Even people who believe in objective truth usually have some understanding that what they see as objective truth is not universally held to be true. A response to a competing “truth” is usually an escalation into a war of words, if not more, since there can be no compromise on “truth.”
Thus people use this idea of a “personal” truth to keep things at a civil level of discourse. Even though we don’t actually acknowledge there is any truth to someone else’s truth, we do acknowledge (when we speak this way) that someone else has another way of seeing things that they think of as “truth.”
In this way, we try to keep things civil and allow competing and contradictory truths to stand side by side. It is a way of expressing respect for the humanity of someone else, even if you think they are totally wrong.
So in acknowledging another person’s truth, you are not actually acknowledging that truth is true. It is a social fiction that allows us to keep from beating the crap out of each other. We can continue to say that we hold this truth without having to say that the other person’s truth is stupid, ignorant and unbelievably dumb. “Well, that’s your truth.”
Of course, if you are a relativist, then you reject the notion of truth as an objective thing. It is something that is the best interpretation you have of the best evidence you have on hand.

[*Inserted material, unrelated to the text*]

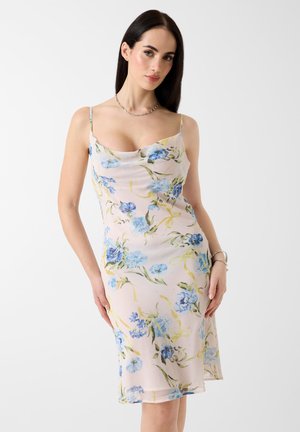 Donna con lunghi capelli scuri, che indossa un vestito senza maniche di colore rosa chiaro con una stampa floreale blu, posando contro uno sfondo bianco.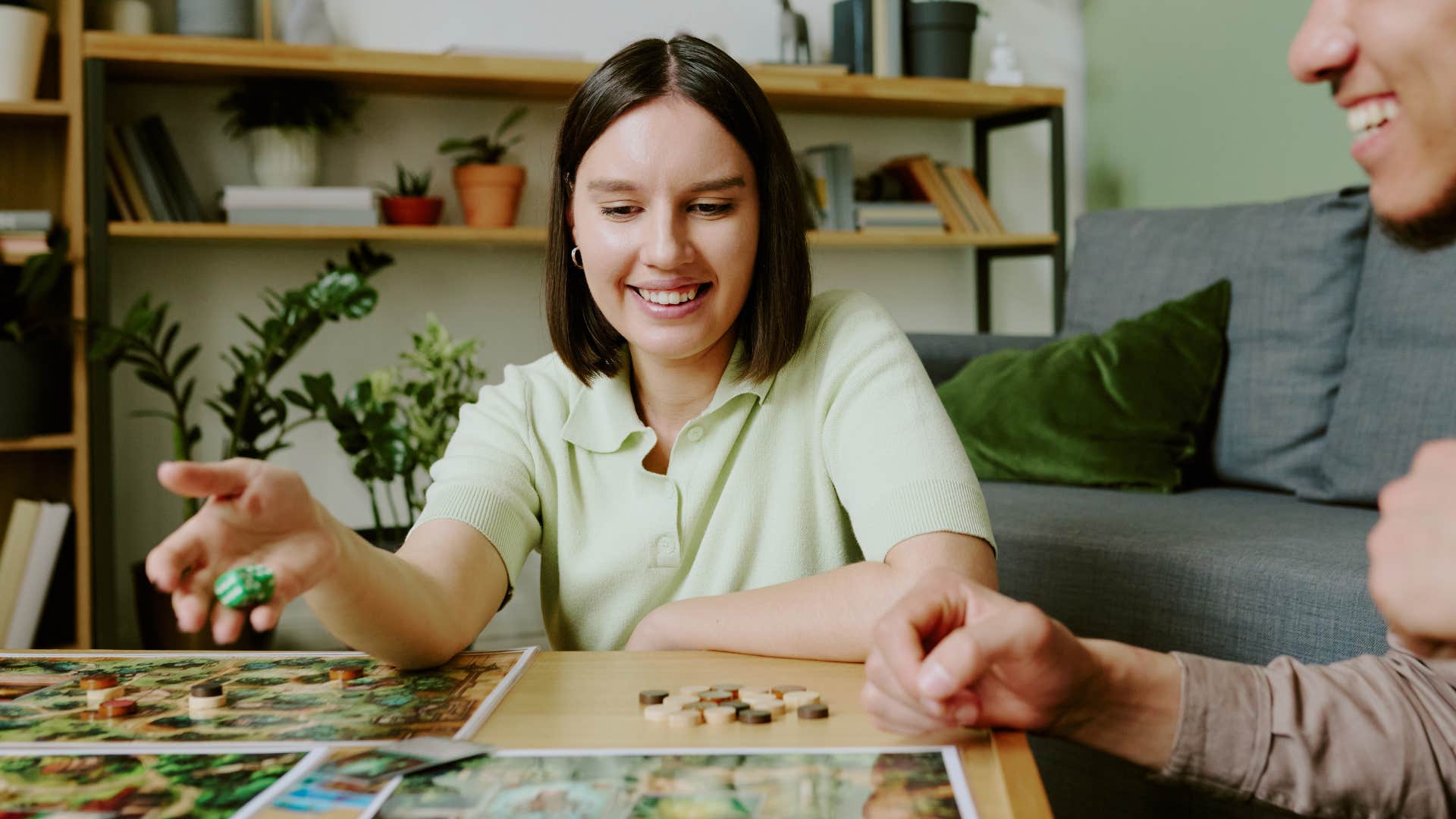 woman smiling and playing board games with partner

You understand that there are other interpretations of the evidence, and that other people have access to different sets of evidence. Therefore it is natural that there may be discrepancies in the way people see the world.
Whether objectivist or subjectivist, this idea of different truths is often used, in my opinion, as a way of smoothing troubled waters and allowing discussion to continue at a slightly less heated level. It is a rhetorical technique, more than some kind of principled philosophical outlook.